■ **Task input**
※

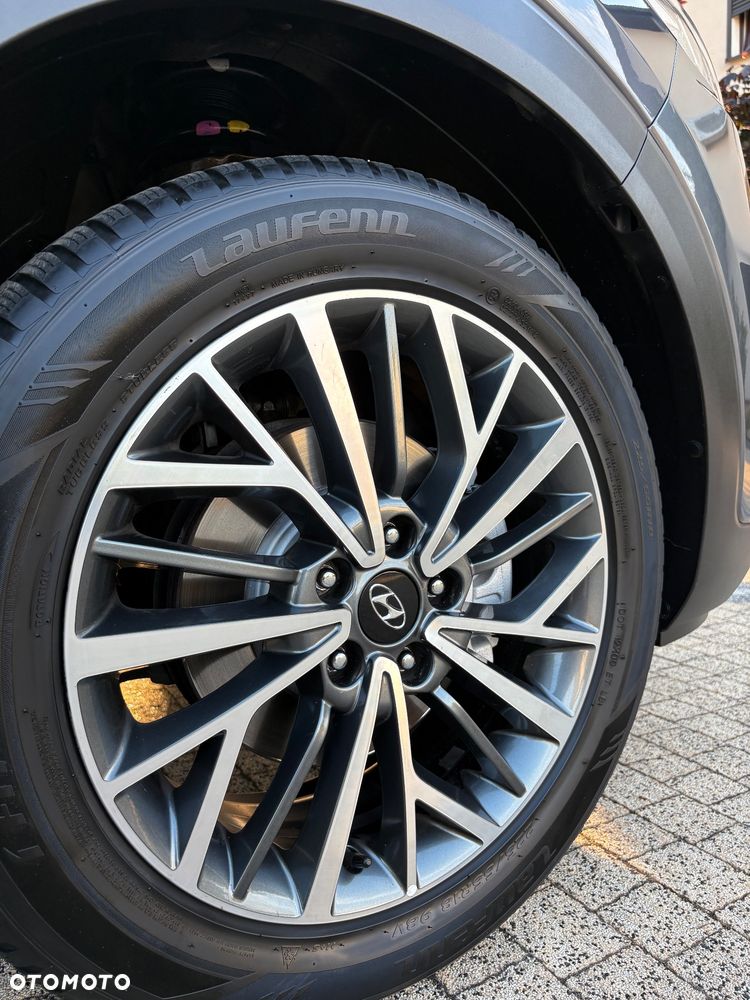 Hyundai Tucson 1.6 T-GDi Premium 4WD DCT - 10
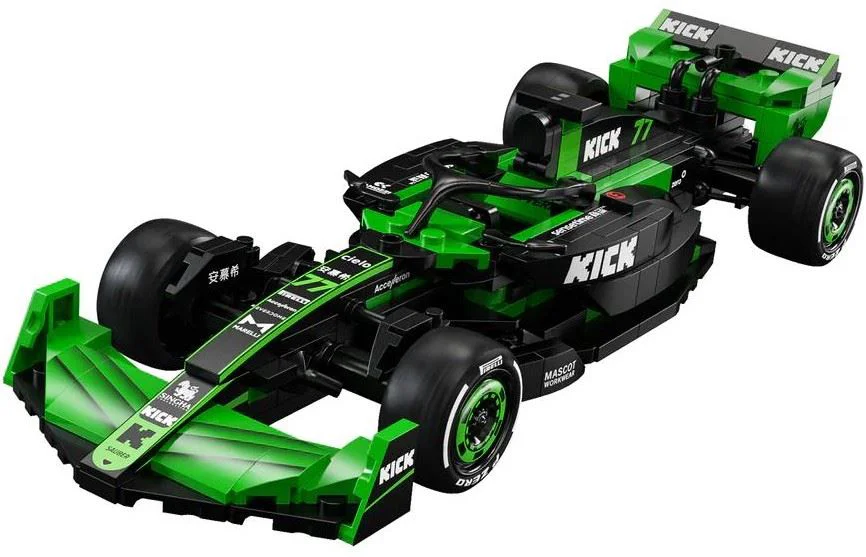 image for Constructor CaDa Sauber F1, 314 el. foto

※

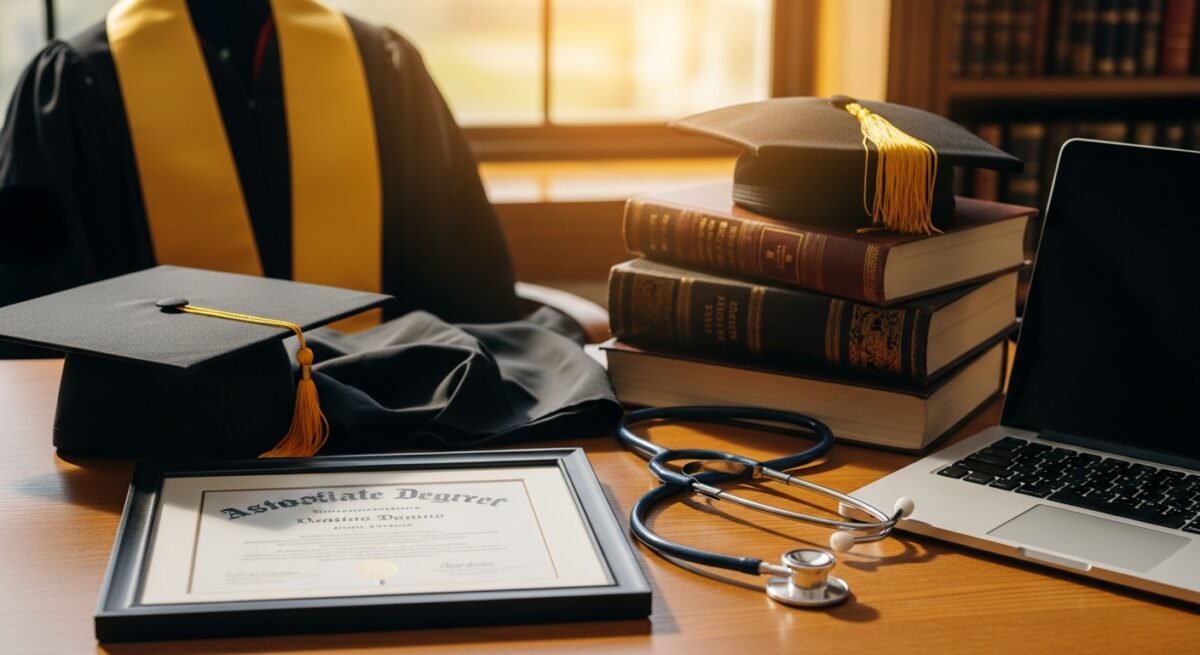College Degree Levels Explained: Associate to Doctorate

※

■ **Your assignment**
The material above holds pictures; leave them out. Repeat exactly the lines from the one containing "Hyundai Tucson 1.6" through the one containing "image for Constructor", and nothing else.

■ **Completed exercise**
 Hyundai Tucson 1.6 T-GDi Premium 4WD DCT - 10
 image for Constructor CaDa Sauber F1, 314 el. foto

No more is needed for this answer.